• **EXERCISE OBJECTIVE**: Type out the complete listing below word for word, without its pictures.

• **RECORDED INFORMATION**:
-.-.-

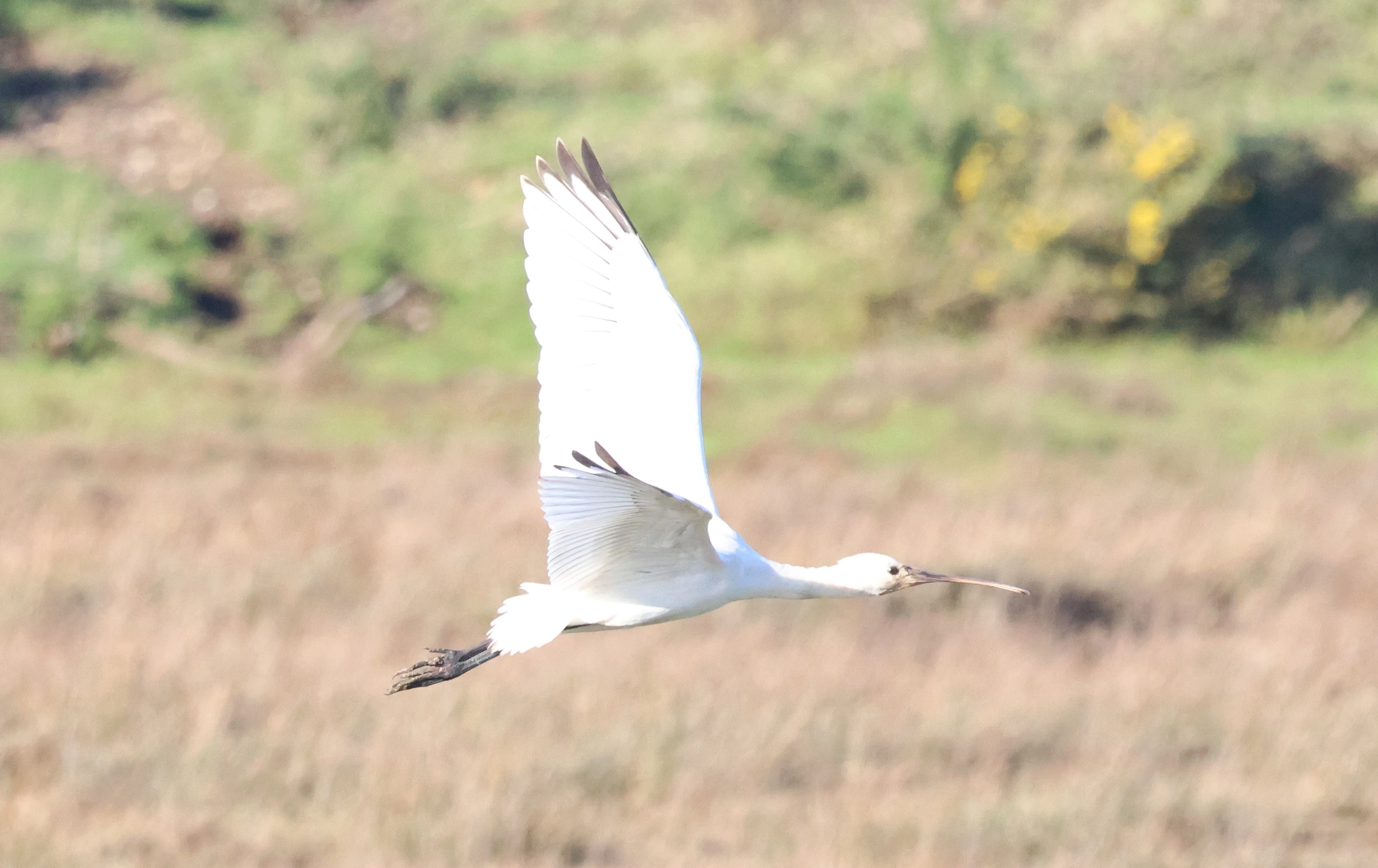 Eurasian spoonbill, Lymington, New Forest, UK — photo by Adam Prugel-Bennett
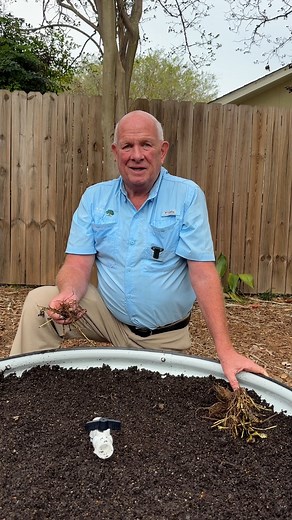 205K views · 3.5K reactions | It's time to plant strawberries in Louisiana. Learn how to plant bare-root strawberries with LSU AgCenter horticulturist Ed Bush. #Strawberry #Horticulture #LSUAgCenter | LSU AgCenter | Facebook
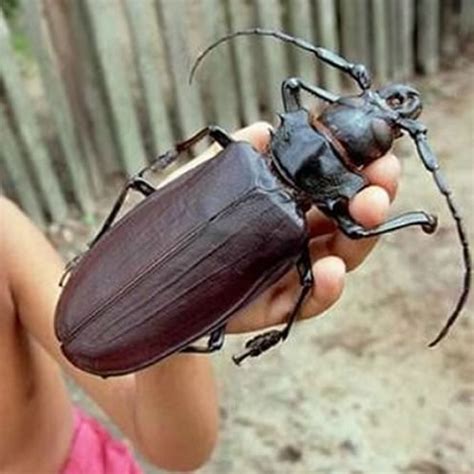 Worlds Largest Insect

-.-.-

• **EXERCISE OUTPUT**:
 Eurasian spoonbill, Lymington, New Forest, UK — photo by Adam Prugel-Bennett
 205K views · 3.5K reactions | It's time to plant strawberries in Louisiana. Learn how to plant bare-root strawberries with LSU AgCenter horticulturist Ed Bush. #Strawberry #Horticulture #LSUAgCenter | LSU AgCenter | Facebook
 Worlds Largest Insect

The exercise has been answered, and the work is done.